Jackson Libardi é estudante de Literatura e membro da CONFRARIA DOS BARDOS. Confira, abaixo, o conto “Piedade, Vandinho e um tal Baiano”:
PIEDADE, VANDINHO E TAL BAIANO
Fui até Piedade consolar a família do amigo defunto. Quase não conseguia acreditar que na noite anterior em que liguei pra ele, notei, no brando tom incomum da sua voz, de que ele não estava bem. Mas neguei a minha intuição e não perguntei nada. Agora está lá, morto. Enquanto eu podia ter dado uma palavra de conforto pra que ao menos minha própria consciência hoje estivesse mais tranquila.
A cabeça havia sido enterrada em cova rasa, foi só passar a mão para tirar a poeira; o corpo, submerso num valão. A mãe desconsolada como na maioria dos casos; abaixada, em prantos e soluços sondava com os olhos a superfície para ver se encontrava a outra parte que compunha o filho.
Disseram que as últimas horas passou na casa da Mãe Zilda, uma dona de centro espírita, ali mesmo de Piedade, próximo de onde o coitado foi vitimado. Parece que ela não tem ligação com o crime. Vandinho ficava lá bebendo, farreando, como ele mesmo costumava dizer. Quem matou mesmo todo mundo sabe. Foi o Baiano, um negrito tão ruim que até cometo uma redundância ao dizer. Não se sabe o motivo. Vandinho não usava drogas, não tinha envolvimento com tráfico, não mexia com mulher dos outros. Era um cara bacana, agradável. Tinha uma fraqueza sim, tomava as dores dos outros. Não era capaz de ver um inocente ou pessoa mais frágil apanhar, sem se intrometer. Talvez foi isso. Não sei.

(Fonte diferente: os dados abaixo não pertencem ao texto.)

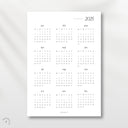 2025 Year Calendar (printable file)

Eu e o Plínio saímos tarde lá do bairro. Esperamos o corpo – que foi encontrado – ser levado ao IML, depois à funerária, e, por fim, voltar ao bairro pro velório. Ficamos lá fazendo o possível pra consolar a família. O corpo seria enterrado logo de manhã no dia seguinte.

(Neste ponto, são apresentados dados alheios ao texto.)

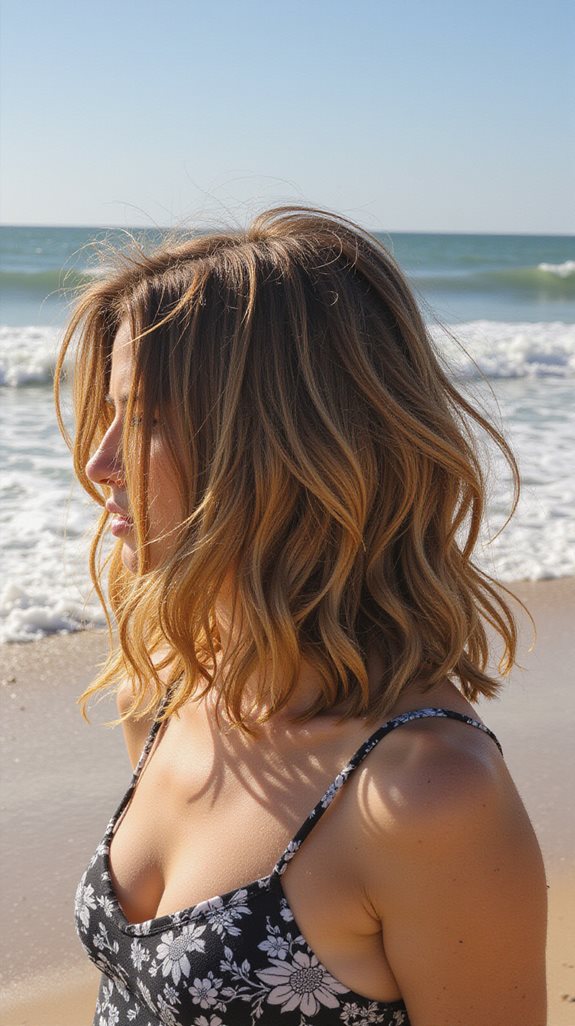 effortless sun kissed hair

Já era quase meia noite quando resolvemos ir embora. Os becos e ruas já estavam vazios, mas uma turma de mais ou menos uns cinquenta saíram de vez de uma quebrada, era o pessoal que estava assistindo o jogo do vasco e do flamengo. E entre eles estava o tal Baiano, sanguinário! Não sei como ninguém fazia nada. Deve que era chapa quente. Eu e o Plínio íamos entrar numa rua, mas como estava muito deserta, num ato meio que impensado resolvemos pegar a outra que estava movimentada, a de onde havia saído a galera, mas a maioria já havia se dispersado pelos becos. Só restavam uns três. E adivinha quem estava entre eles. O tal sujeito; mal encarado! Tivemos medo, claro, trememos, mas trememos o tremor que era a matiz de medo e ódio. Sabíamos que era ele; e, por azar, quando dei meia volta quase toquei no infeliz, e tremendo e puxando conversa ao mesmo tempo com o Plínio, saí pedindo desculpa ao dito cuja; quando ele parou, olhando pra mim brandindo os braços e dizendo pro parceiro em ar de deboche:
─ A culpa é minha?! A culpa é minha?!